Python SDK

RisingWave provides a Python SDK risingwave-py to help users develop event-driven applications. This SDK provides a simple way to perform ad-hoc queries, subscribe to changes, and define event handlers for tables and materialized views, making it easier to integrate real-time data into applications.

Use `risingwave-py` to connect to RisingWave

risingwave-py is a RisingWave Python SDK that provides the following capabilities:

Interact with RisingWave via Pandas DataFrame.
Subscribe and process changes from RisingWave tables or materialized views.
Run SQL commands supported in RisingWave.

Run RisingWave

To learn about how to run RisingWave, see Run RisingWave.

Connect to RisingWave

To connect to RisingWave via risingwave-py:

from risingwave import RisingWave, RisingWaveConnOptions

# Connect to RisingWave instance on localhost with named parameters
rw = RisingWave(
    RisingWaveConnOptions.from_connection_info(
        host="localhost", port=4566, user="root", password="root", database="dev"
    )
)

# Connect to RisingWave instance on localhost with connection string
rw = RisingWave(RisingWaveConnOptions("postgresql://root:root@localhost:4566/dev"))

# You can create a new SQL connection and execute operations under the with statement. 
# This is the recommended way for python sdk usage.
with rw.getconn() as conn:
    conn.insert(...)
    conn.fetch(...)
    conn.execute(...)
    conn.mv(...)
    conn.on_change(...)


# You can also use the existing connection created by RisingWave object to execute operations.
# This will be used in the later sections for simplicity.
rw.insert(...)
rw.fetch(...)
rw.execute(...)
rw.mv(...)
rw.on_change(...)

Ingestion into RisingWave

Load a Pandas DataFrame into RisingWave:

from datetime import datetime
import pandas as pd

df = pd.DataFrame(
    {
        "product": ["foo", "bar"],
        "price": [123.4, 456.7],
        "ts": [datetime.strptime("2023-10-05 14:30:00", "%Y-%m-%d %H:%M:%S"), 
               datetime.strptime("2023-10-05 14:31:20", "%Y-%m-%d %H:%M:%S")],
    }
)

# A test table will be created if not exist in risingwave with the correct schema
rw.insert(table_name="test", data=df)

# You can provide an optional force_flush parameter and set it to True
# if you would the inserted data to be visible in fetch query immediately.
# Otherwise, data will be inserted in batches asynchronously for better performance.
# rw.insert(table_name="test", data=df, force_flush = True)

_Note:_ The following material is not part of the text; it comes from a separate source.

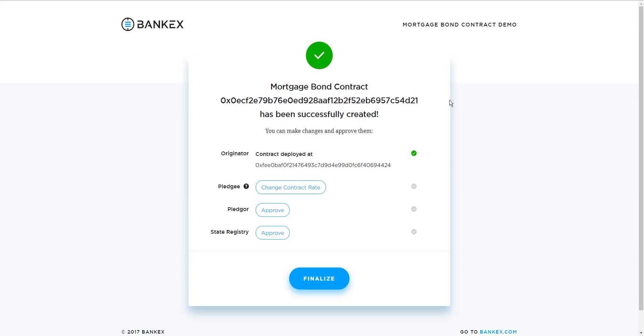At this point, let's take a look at how different parties change and approve changes to the mortgage. In this demo, we are representing the borrower. But the pledgee, that is the lending institution, will need to modify the rate from time to time. Here we observe how a pledgee can change the rate by clicking on the Change Contract Rate button.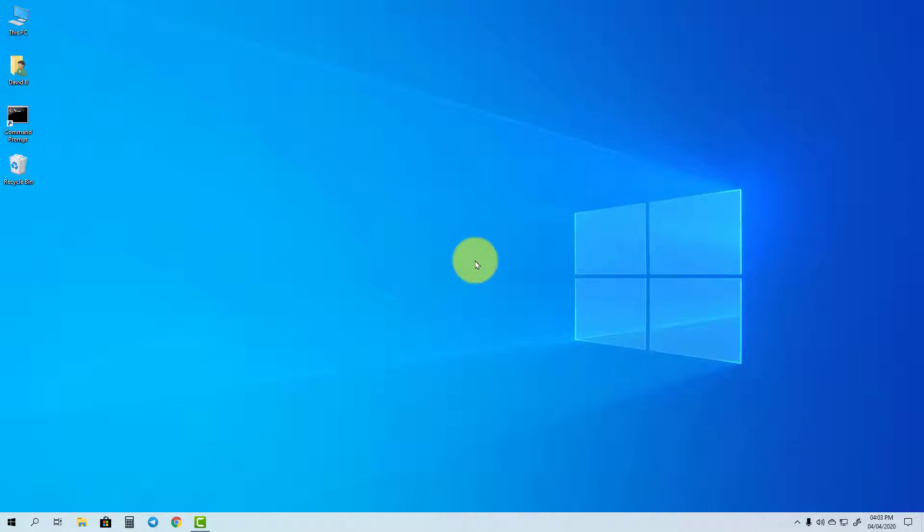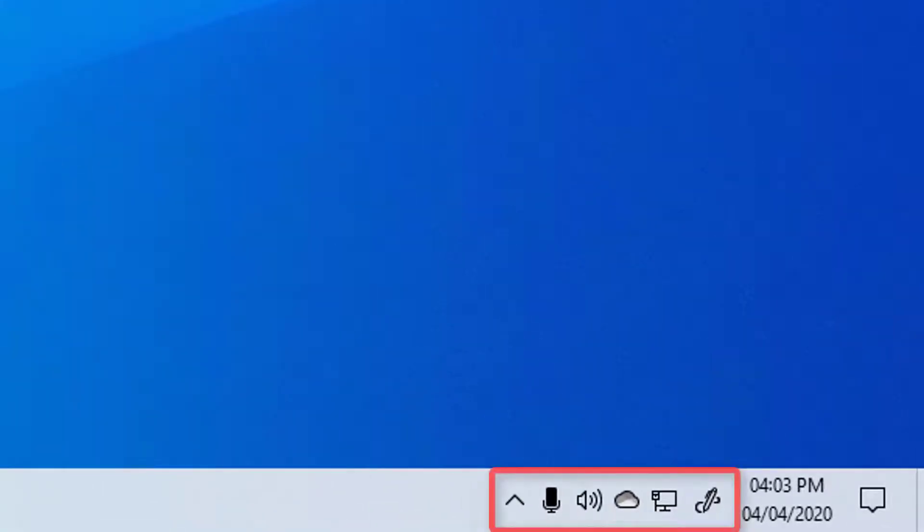Hi there and welcome to this tutorial. In this video I will show you how to enable or disable icons in the system tray.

Load data into RisingWave from external systems:

# Create a table and load data from upstream kafka
rw.execute("""
    CREATE TABLE IF NOT EXISTS source_abc
    WITH (
        connector='kafka',
        properties.bootstrap.server='localhost:9092',
        topic='test_topic'
    ) 
    FORMAT UPSERT ENCODE AVRO (
        schema.registry = 'http://127.0.0.1:8081',
        schema.registry.username='your_schema_registry_username',
        schema.registry.password='your_schema_registry_password'
)""")

For supported sources and the SQL syntax, see this topic.

Query from RisingWave

from risingwave import OutputFormat

result: pd.DataFrame = rw.fetch("""
        SELECT window_start, window_end, product, ROUND(avg(price)) as avg_price
        FROM tumble(test, ts, interval '10 seconds') 
        GROUP BY window_start, window_end, product""", 
        format=OutputFormat.DATAFRAME)

print(result)
# Output:
#          window_start          window_end product  avg_price
# 0 2023-10-05 14:31:20 2023-10-05 14:31:30     bar      457.0
# 1 2023-10-05 14:30:00 2023-10-05 14:30:10     foo      123.0

# You can also use OutputFormat.RAW to get back list of tuples as the query results
# rw.fetch("...",  format=OutputFormat.RAW)
# [(datetime.datetime(2023, 10, 5, 14, 31, 20), datetime.datetime(2023, 10, 5, 14, 31, 30), 'bar', 457.0), 
#  (datetime.datetime(2023, 10, 5, 14, 30), datetime.datetime(2023, 10, 5, 14, 30, 10), 'foo', 123.0)]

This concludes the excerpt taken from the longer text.